Roasted Italian Vegetable Pasta Salad


Roasted Italian Vegetable Pasta Salad


  • 1 lb. cherry tomatoes, halved
  • 1 med. zucchini, quartered and cut into ½-inch cubes
  • 1 med. summer squash, quartered and cut into ½-inch cubes
  • 1 shallot, minced
  • 1 fennel bulb, cut into ½-inch slices and diced
  • 1 small red bell pepper, seeded and cut into ¾-inch cubes
  • 1 garlic clove, quartered, plus 1 clove, minced
  • 1½ Tbsp. extra virgin olive oil
  • ½ tsp. kosher salt, optional
  • Freshly ground pepper
  • 8 oz. whole wheat rotini pasta
  • 2 Tbsp. balsamic vinegar
  • 2 Tbsp. freshly grated Parmesan cheese
  • ¼ cup fresh basil, torn into large pieces


  1. Preheat the oven to 425°F.
  2. Place the tomatoes, zucchini, squash, shallot, fennel, bell pepper and quartered garlic clove in an ovenproof nonstick skillet. Toss with the oil, salt (if using) and ground pepper.
  3. Roast for 6 minutes; turn and continue to roast for another 6 minutes. Remove from the oven.
  4. While the vegetables are roasting, cook the pasta, following package directions.
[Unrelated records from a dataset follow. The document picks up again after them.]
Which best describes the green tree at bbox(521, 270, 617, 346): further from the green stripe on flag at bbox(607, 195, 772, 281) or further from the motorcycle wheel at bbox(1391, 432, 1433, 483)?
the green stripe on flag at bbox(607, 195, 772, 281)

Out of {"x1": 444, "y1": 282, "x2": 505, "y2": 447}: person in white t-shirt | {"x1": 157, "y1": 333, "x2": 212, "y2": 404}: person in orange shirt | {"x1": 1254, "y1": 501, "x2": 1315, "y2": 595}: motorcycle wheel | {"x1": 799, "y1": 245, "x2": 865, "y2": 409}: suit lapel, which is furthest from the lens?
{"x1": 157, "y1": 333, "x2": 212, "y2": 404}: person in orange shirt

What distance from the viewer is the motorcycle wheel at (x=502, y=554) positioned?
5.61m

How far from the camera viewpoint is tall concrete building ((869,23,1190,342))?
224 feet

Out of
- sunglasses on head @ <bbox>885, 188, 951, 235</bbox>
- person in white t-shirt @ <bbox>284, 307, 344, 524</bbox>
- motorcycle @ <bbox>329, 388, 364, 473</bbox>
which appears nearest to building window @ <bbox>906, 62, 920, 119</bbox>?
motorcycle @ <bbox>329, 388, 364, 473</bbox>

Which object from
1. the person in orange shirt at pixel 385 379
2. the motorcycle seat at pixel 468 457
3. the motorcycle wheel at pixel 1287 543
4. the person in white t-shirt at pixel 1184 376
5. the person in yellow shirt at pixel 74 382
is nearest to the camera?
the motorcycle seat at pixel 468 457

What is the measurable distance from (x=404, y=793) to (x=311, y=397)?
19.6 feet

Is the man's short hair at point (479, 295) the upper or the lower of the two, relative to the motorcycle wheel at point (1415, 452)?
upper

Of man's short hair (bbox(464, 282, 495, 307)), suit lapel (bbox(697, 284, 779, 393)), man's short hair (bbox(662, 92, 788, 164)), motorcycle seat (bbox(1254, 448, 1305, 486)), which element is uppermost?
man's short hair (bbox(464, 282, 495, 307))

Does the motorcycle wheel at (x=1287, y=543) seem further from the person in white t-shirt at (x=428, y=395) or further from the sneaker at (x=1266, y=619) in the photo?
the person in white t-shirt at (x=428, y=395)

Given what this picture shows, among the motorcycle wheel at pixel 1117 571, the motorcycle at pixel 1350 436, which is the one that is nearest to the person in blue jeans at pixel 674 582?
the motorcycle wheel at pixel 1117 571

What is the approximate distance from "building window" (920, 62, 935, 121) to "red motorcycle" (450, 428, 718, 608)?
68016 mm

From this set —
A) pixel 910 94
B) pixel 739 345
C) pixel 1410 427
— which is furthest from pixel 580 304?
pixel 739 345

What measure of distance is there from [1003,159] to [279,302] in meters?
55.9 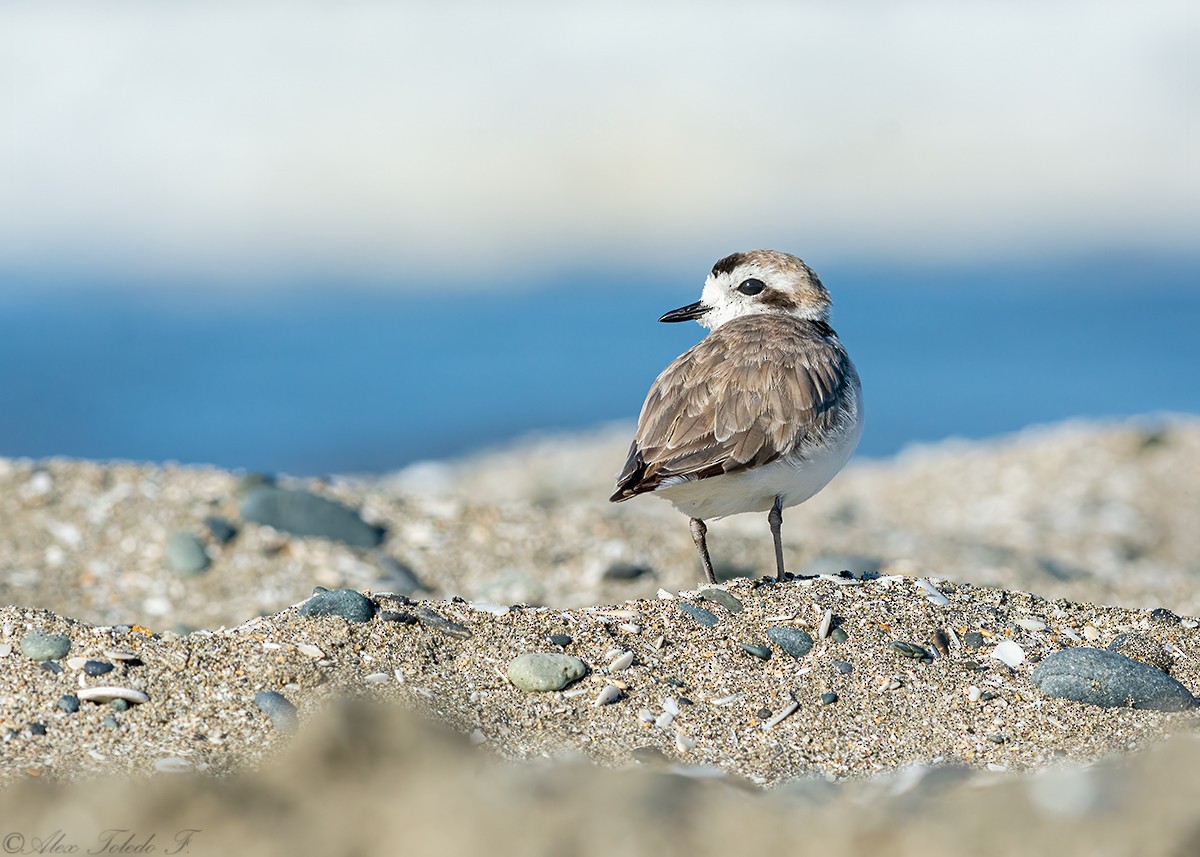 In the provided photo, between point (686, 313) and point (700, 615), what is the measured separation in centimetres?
220

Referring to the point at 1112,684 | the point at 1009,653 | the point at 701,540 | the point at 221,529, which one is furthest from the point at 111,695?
the point at 221,529

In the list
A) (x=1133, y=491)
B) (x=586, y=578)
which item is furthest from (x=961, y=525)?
(x=586, y=578)

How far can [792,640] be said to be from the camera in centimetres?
509

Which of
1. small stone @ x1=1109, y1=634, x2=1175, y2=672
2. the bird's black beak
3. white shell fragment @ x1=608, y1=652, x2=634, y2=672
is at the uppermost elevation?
the bird's black beak

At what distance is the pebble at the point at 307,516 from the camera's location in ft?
30.0

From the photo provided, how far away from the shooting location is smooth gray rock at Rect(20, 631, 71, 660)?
4.65 metres

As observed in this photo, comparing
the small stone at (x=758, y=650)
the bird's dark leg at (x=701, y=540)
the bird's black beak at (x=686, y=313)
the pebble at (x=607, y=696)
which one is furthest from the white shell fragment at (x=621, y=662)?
the bird's black beak at (x=686, y=313)

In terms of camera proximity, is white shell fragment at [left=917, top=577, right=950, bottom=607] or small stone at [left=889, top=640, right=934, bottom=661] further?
white shell fragment at [left=917, top=577, right=950, bottom=607]

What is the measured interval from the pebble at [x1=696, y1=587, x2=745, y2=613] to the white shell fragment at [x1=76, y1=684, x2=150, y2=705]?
7.65 feet


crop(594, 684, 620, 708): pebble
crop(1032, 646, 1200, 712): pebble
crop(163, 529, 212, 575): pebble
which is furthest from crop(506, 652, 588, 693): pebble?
crop(163, 529, 212, 575): pebble

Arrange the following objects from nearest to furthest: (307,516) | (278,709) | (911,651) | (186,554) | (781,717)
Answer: (278,709) < (781,717) < (911,651) < (186,554) < (307,516)

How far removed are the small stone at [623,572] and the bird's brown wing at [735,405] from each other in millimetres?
2970

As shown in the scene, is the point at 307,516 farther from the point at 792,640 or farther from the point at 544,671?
the point at 792,640

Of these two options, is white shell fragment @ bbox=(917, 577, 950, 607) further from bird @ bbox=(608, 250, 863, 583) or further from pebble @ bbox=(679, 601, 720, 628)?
pebble @ bbox=(679, 601, 720, 628)
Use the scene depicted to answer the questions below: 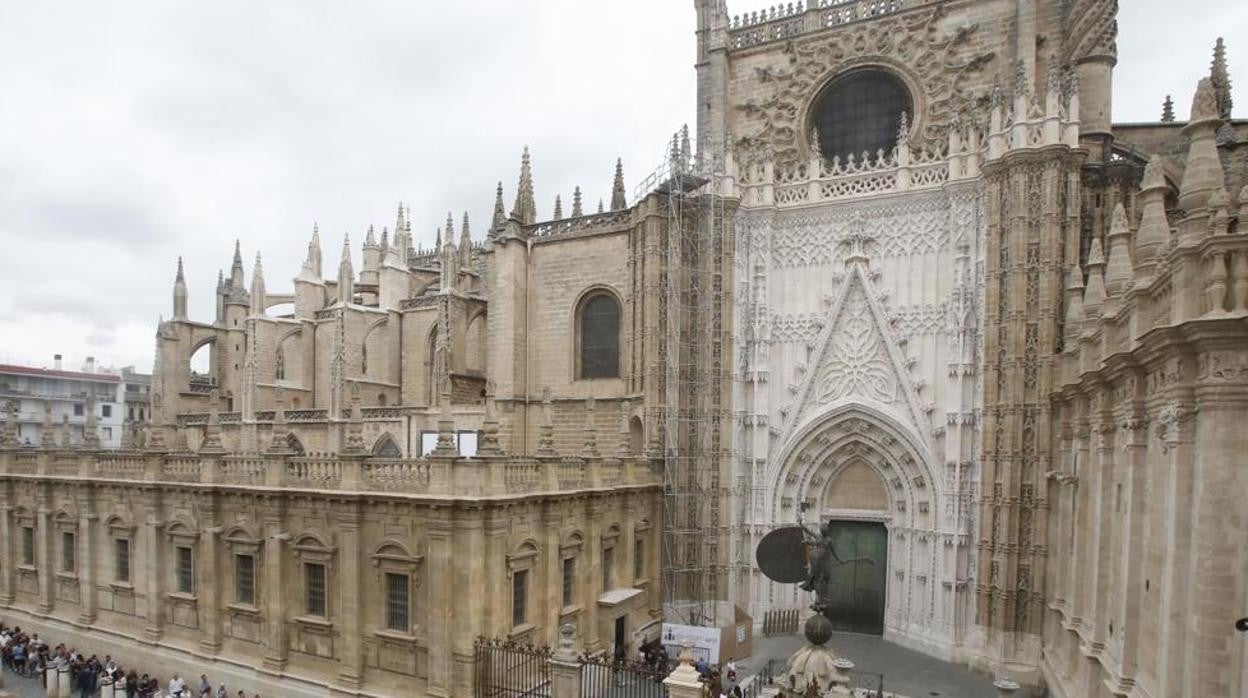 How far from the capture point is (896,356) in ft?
66.9

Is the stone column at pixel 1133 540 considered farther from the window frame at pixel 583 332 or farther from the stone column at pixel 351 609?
the window frame at pixel 583 332

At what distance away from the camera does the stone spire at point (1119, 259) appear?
12.3m

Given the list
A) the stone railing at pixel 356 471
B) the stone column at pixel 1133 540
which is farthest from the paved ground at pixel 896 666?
the stone column at pixel 1133 540

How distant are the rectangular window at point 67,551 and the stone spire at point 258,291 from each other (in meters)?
17.2

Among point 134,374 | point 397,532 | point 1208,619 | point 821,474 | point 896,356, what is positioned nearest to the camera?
point 1208,619

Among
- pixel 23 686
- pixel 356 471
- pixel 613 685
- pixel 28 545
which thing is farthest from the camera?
pixel 28 545

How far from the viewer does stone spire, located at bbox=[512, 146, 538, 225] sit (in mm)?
25984

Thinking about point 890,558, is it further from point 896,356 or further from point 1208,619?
point 1208,619

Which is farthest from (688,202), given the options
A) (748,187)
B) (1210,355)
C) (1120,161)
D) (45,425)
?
(45,425)

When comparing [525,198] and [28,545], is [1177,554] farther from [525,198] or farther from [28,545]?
[28,545]

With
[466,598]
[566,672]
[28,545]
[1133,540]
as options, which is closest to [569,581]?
[466,598]

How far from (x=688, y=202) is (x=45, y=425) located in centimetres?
2162

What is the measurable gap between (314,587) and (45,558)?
1181 cm

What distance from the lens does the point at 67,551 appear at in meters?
22.4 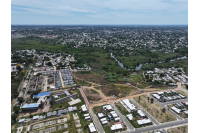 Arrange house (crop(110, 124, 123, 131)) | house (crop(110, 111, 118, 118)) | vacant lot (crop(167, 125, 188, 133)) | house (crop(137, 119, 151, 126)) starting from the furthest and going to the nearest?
house (crop(110, 111, 118, 118))
house (crop(137, 119, 151, 126))
house (crop(110, 124, 123, 131))
vacant lot (crop(167, 125, 188, 133))

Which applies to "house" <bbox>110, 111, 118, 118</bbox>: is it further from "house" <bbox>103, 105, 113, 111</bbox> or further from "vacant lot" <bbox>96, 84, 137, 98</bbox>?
"vacant lot" <bbox>96, 84, 137, 98</bbox>

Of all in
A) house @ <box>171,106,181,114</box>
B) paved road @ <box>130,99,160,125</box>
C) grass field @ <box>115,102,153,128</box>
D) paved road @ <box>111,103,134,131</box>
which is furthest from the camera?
house @ <box>171,106,181,114</box>

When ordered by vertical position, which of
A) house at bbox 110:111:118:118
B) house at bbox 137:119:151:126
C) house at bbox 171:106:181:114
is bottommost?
house at bbox 137:119:151:126

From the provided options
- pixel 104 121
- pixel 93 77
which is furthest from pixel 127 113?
pixel 93 77

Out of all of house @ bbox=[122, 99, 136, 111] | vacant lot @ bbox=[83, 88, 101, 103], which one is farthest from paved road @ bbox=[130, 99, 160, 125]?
vacant lot @ bbox=[83, 88, 101, 103]

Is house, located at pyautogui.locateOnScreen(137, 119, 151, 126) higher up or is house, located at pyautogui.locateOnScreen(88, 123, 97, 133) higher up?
house, located at pyautogui.locateOnScreen(137, 119, 151, 126)

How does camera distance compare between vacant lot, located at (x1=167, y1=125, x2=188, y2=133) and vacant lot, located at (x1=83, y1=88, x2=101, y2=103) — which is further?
vacant lot, located at (x1=83, y1=88, x2=101, y2=103) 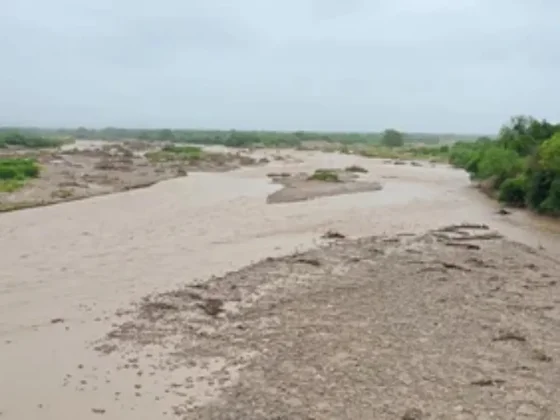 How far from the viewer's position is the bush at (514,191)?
3528 centimetres

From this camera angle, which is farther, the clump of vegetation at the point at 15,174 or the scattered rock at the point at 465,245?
the clump of vegetation at the point at 15,174

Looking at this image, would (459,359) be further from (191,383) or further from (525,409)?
(191,383)

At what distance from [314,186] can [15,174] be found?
62.6 feet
Drain the pasta, reserving 2 tablespoons of the cooking water, and return to the pot.
  5. Toss the pasta, roasted vegetables with their juices, reserved pasta water, vinegar and minced garlic.
  6. To serve, place the vegetable pasta salad on a serving plate and top with the cheese and basil.